Father-in-law Ebenezer was somewhat of a visionary. He had heard that Illinois had good soil, unlike Maine, and you could grow almost anything there. In Maine, people had noticed the rocky, difficult soil and of course the long, hard, winters. Livermore Falls was in a relatively fertile area but still overall no exception; some fruit grew there, but not enough. Families in their puritan traditions were large and the people didn't have enough room to expand into; to the north it was a wall of forest all the way to Quebec. And everyone was related to everyone; their children would eventually have no one to marry.

Joseph and Mary could see this, and it helped them form a plan, ultimately, to equip a wagon for the long ride out to Illinois. It would take several good horses and really solid wagon with a stove in it, and a big chair for Mother Turner, covered for the harsh weather even though it would be summer when they left. Joseph was good at the carpentry things; he'd run saws, and had spent time hauling huge timbers down to the coast, so he knew horses and wagons and building. His friend Joseph Turner encouraged him. All the Turners would be going, and some neighbors. It would be a wagon train.

In fact other people had the same idea. In 1830, a number of Mainers went to Illinois and other states as part of one of the larger internal migration movements in American history. Among the Mainers who moved to Illinois at that time was Elijah Lovejoy, who would set up a press in Alton, and Asa Turner, a cousin of Joseph and Mary who was somewhat of a firebrand preacher. Mainers and New Hampshirites were leaving New England regularly for the long trek across the National Road and into southern and western Illinois. It would take about 50 or 60 days of hard traveling. It would be slightly longer for them, since they'd stop in Boston to see Joseph's mother, and to see Turner relatives in Dedham.
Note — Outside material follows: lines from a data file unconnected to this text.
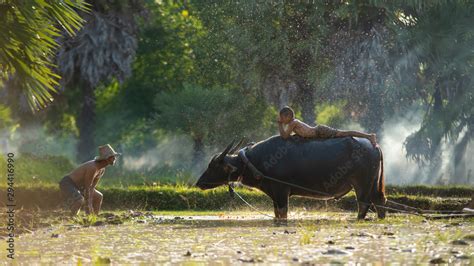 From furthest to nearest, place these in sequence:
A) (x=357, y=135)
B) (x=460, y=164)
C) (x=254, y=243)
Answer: (x=460, y=164) → (x=357, y=135) → (x=254, y=243)

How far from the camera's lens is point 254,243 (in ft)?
38.9

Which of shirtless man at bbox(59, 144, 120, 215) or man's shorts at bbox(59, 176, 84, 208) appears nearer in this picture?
shirtless man at bbox(59, 144, 120, 215)

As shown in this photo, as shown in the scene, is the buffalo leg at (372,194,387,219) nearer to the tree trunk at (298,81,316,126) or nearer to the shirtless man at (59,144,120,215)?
the shirtless man at (59,144,120,215)

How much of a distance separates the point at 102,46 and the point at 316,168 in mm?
24121

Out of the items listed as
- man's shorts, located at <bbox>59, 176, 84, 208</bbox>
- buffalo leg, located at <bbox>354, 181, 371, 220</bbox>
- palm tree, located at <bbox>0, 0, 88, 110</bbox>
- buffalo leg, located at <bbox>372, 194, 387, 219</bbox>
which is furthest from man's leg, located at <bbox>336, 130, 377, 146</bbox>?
palm tree, located at <bbox>0, 0, 88, 110</bbox>

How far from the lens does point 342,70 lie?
128ft

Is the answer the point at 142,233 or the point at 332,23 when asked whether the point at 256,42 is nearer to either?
the point at 332,23

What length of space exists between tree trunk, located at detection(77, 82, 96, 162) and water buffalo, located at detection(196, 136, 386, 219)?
86.3 ft

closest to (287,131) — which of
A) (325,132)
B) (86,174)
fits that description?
(325,132)

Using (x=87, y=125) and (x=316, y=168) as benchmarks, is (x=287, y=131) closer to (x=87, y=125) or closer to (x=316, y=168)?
(x=316, y=168)

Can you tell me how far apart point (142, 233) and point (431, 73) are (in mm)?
28967

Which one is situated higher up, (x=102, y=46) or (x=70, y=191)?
(x=102, y=46)

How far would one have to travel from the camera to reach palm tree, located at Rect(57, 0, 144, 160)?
3966cm

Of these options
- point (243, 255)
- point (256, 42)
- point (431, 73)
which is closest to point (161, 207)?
point (243, 255) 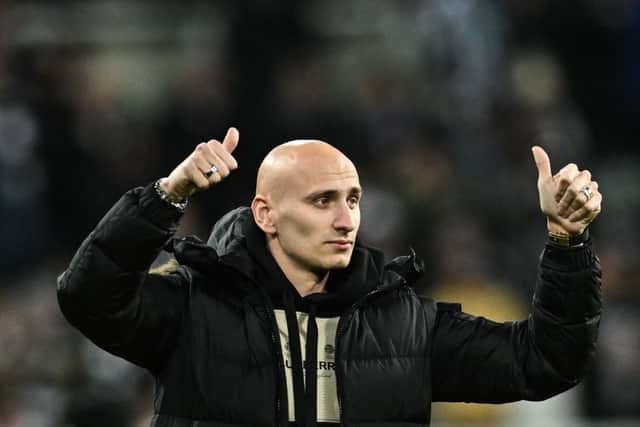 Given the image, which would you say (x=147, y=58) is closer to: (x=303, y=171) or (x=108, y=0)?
(x=108, y=0)

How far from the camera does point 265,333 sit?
3.93 metres

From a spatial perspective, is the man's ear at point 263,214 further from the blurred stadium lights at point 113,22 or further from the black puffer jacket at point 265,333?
the blurred stadium lights at point 113,22

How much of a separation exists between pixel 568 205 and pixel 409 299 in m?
0.59

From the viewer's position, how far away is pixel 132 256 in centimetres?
371

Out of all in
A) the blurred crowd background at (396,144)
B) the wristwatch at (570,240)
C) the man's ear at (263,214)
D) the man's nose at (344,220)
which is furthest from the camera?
the blurred crowd background at (396,144)

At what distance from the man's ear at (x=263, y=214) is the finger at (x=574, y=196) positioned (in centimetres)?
86

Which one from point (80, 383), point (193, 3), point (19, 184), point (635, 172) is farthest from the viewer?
point (193, 3)

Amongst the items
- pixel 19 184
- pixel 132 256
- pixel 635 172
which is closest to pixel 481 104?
pixel 635 172

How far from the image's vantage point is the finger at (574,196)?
3795 millimetres

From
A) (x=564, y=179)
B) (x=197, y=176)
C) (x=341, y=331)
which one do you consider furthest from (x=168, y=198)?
(x=564, y=179)

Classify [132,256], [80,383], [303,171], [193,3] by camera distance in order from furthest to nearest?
[193,3] < [80,383] < [303,171] < [132,256]

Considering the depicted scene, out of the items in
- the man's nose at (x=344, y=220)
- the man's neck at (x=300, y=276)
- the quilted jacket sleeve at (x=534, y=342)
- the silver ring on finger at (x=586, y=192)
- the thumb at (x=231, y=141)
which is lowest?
the quilted jacket sleeve at (x=534, y=342)

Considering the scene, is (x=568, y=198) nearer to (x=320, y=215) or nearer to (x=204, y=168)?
(x=320, y=215)

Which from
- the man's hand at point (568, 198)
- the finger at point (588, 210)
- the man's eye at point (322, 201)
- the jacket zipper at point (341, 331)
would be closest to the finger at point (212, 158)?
the man's eye at point (322, 201) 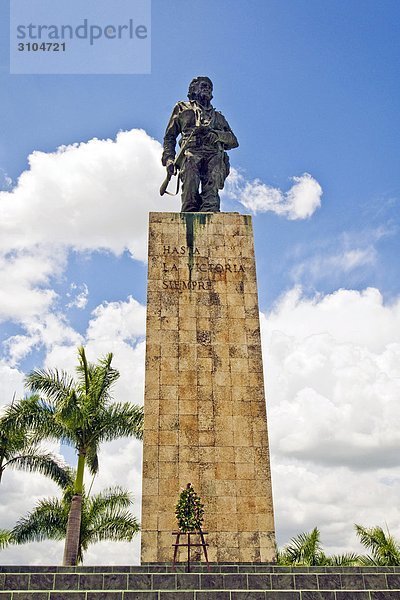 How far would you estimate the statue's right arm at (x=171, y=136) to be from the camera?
18.0 metres

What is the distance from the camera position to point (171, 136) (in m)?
18.2

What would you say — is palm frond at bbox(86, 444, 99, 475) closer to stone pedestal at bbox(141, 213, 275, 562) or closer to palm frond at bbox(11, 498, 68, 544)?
palm frond at bbox(11, 498, 68, 544)

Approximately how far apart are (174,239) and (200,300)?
2.02 metres

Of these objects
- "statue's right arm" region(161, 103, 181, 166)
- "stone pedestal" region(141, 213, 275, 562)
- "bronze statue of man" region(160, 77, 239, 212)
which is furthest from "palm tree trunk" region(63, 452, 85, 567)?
"statue's right arm" region(161, 103, 181, 166)

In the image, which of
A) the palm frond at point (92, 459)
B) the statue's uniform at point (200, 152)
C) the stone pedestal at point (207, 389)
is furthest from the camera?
the palm frond at point (92, 459)

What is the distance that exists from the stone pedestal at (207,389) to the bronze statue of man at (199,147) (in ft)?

When they left Livermore Falls, their wagons all decked out for the long trip, the town came out to wish them well. They lost a dog before they'd gone twenty miles, and they had to stop to reorganize in Lewiston. But soon they made it and were on their way. When they landed in Quincy, Illinois, it was November of one of the coldest winters ever, and six percent of Quincy had already been taken by cholera. But that's another story.

Back in Maine, relatives farmed the rocky soil as they always had. Some Turners and no doubt Walkers were left behind. Young James Walker Leverett, the youngest boy but the middle of the three children who made the journey, would always remember not only his few early years in Androscoggin County, but also his big journey, and walking much of the way.

Two of the victims of the shooting were Walkers; one owned the bar. But that's all I know, and I have absolutely no way to find or connect Walkers to James A. Walker of 1810, 213 years ago. Even then there were Walkers all over the place and no real way to figure out who was born of whom. Genealogy is a tricky and slippery art with names like Walker, and I, being a Leverett, am spoiled to a much easier line to figure out from.

We have the memory of the Walkers, though, and that comes from James Walker's name, and the fact that he was named after his adopted grandfather. May they rest in peace.

Saturday, October 14, 2023

Local Author Fair

Friday, October 13, 2023

You want to see a Holocaust?

A Holocaust is when thousands of innocent, women and children, are killed. Starved, burned by chemicals, brutalized, and killed. You don't have to have numbers like six million, a half-million or million will work, and it tends to have a racial/ethic edge to it - for whatever reason, these people have been considered animals or inhuman by the powerful.

Yes, some Palestinians raped your women. Some may have beheaded babies, kidnapped grandmothers, all of that. Some even put it on video to increase the humiliation.

Let me repeat. If you're going to kill, gas and starve half a million, that's a Holocaust.

The world will watch and judge Israel's response. Is there anything that justifies a Holocaust? I understand anger, and revenge, and the sense of being violated, I'm not arguing with that. I'm just saying that in the history of Holocausts, you're going right near the top of the list here. Armenia, maybe that counts. Native Americans in the USA, OK.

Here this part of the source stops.